Un rapport classé "secret défense"

Louis et ses collègues n'ont jamais été informés des dangers auxquels ils étaient exposés. Car contrairement aux dires de leur direction, les têtes des missiles nucléaires émettent des rayonnements. Selon Annie Thébaud-Mony, directrice de recherche honoraire Giscop 93 - Inserm : "les têtes nucléaires contiennent du plutonium, de l'uranium, qui émettent des rayonnements. Et pour empêcher les rayonnements d'atteindre les personnes qui sont autour il faudrait une protection en plomb, or les missiles ne sont pas dans une enveloppe en plomb. Et lorsque les travailleurs manipulent ces têtes pour faire la jonction entre le missile et la tête, ils sont obligatoirement exposés aux émissions de rayonnement".

Un fait qui ne sera officialisé qu'en 1996. À l'atelier de la pyrotechnie où Louis Suignard et ses collègues assemblent la bombe, c'est la stupéfaction. En cette fin d'année 1996, les conditions de travail vont changer radicalement. De nouvelles mesures de sécurité sont mises en place par la direction des constructions navales. Une enquête est menée. Mais impossible d'en lire les conclusions, le rapport est classé secret défense.

Des conséquences dramatiques

Aujourd'hui la plupart des ouvriers de l'époque sont à la retraite. Plusieurs d'entre eux ont développé des cancers, certains en sont décédés. Pour Louis, atteint d'un cancer de la prostate, le lien entre ces maladies et l'exposition aux rayonnements nucléaires ne fait aucun doute. Il accuse le ministère de la Défense : "Aujourd'hui c'est un sentiment de colère et de révolte qui nous anime", déclare-t-il n'hésitant pas à parler "d'acte criminel".

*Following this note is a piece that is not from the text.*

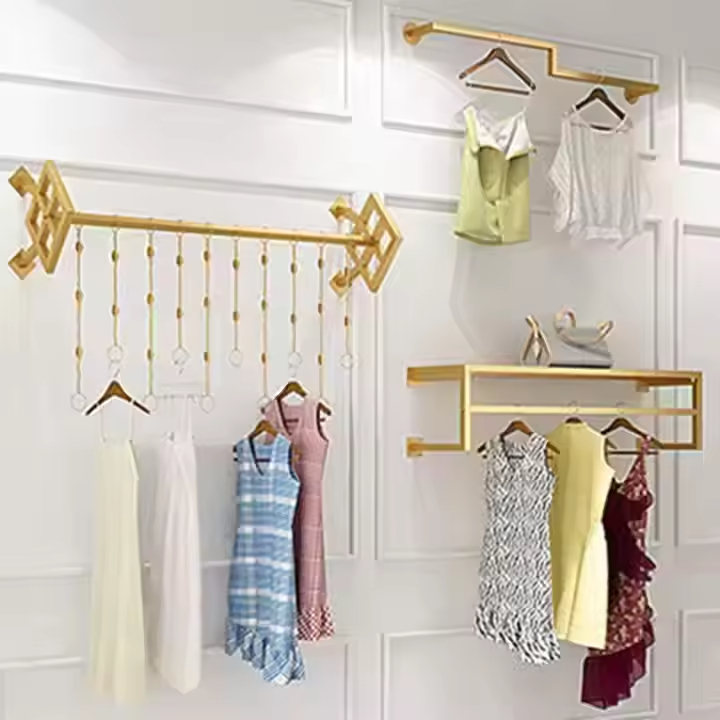 Clothes Shop Display Rack Standing Clothing Rack Decorative Metal Garment Rack with Storage Shelf Waterproof Bathroom Wardrobe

Une dizaine de témoignages ont été recueillis par Francis Talec, mécanicien retraité. Voyant ses camarades partir les uns après les autres, il a entamé une veille sanitaire avant de créer une association pour défendre les droits de ses collègues malades et disparus : "Nous avons surtout l'impression d'avoir été trompés et floués car on ne peut pas imaginer que des ingénieurs de haut niveau, du commissariat de l'énergie atomique étaient dans l'ignorance de l'absence de rayonnement des têtes nucléaires".

Le combat judiciaire continue

Porté devant la justice, le ministère de la Défense se limite à dire que les doses reçues par les travailleurs de l'île Longue étaient trop faibles pour altérer leur santé.

Un argument que réfute Annie Thébaud-Mony, chercheuse membre du groupement d'intérêt scientifique sur les cancers d'origine professionnelle : "On a un effet cumulatif. Une personne exposée trente minutes a un risque. Une personne exposée plus de huit heures par jour a un risque très augmenté. Et si la personne est exposée pendant dix ou quinze ans, on démultiplie la possibilité que les rayonnements entraînent des problèmes de cancer, des problèmes cardiovasculaires, une atteinte du système immunitaire et des effets génétiques pour la personne exposée mais aussi pour les générations à venir".

Les ouvriers de l'île Longue ne baissent pas les bras. Plusieurs d'entre eux ont obtenu la reconnaissance de leur pathologie en maladie professionnelle. Pour certains, l'Etat a même concédé sa faute inexcusable. Pour d'autres, le combat judiciaire se poursuit.

Contacté par nos soins, le ministère de la Défense a refusé de nous répondre sur ce sujet.